**DATA EXCERPT**
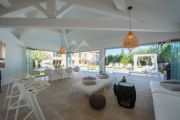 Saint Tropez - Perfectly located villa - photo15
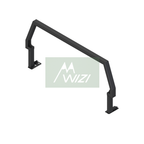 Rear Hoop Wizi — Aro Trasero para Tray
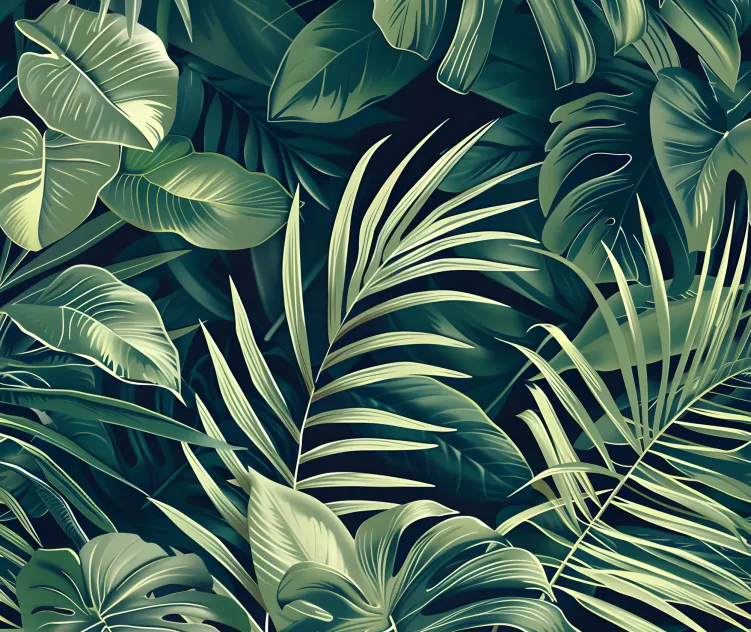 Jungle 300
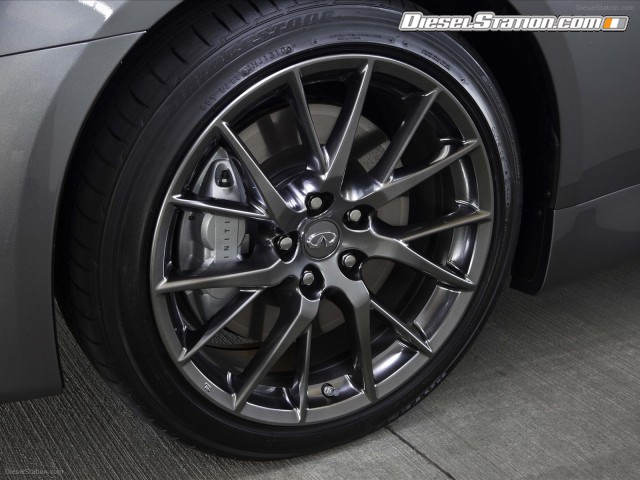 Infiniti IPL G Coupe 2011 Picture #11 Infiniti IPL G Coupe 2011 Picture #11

**DESCRIPTION OF THE TASK**
Please set down the data above exactly as given, leaving every picture out.

**TASK OUTPUT**
 Saint Tropez - Perfectly located villa - photo15
 Rear Hoop Wizi — Aro Trasero para Tray
 Jungle 300
 Infiniti IPL G Coupe 2011 Picture #11 Infiniti IPL G Coupe 2011 Picture #11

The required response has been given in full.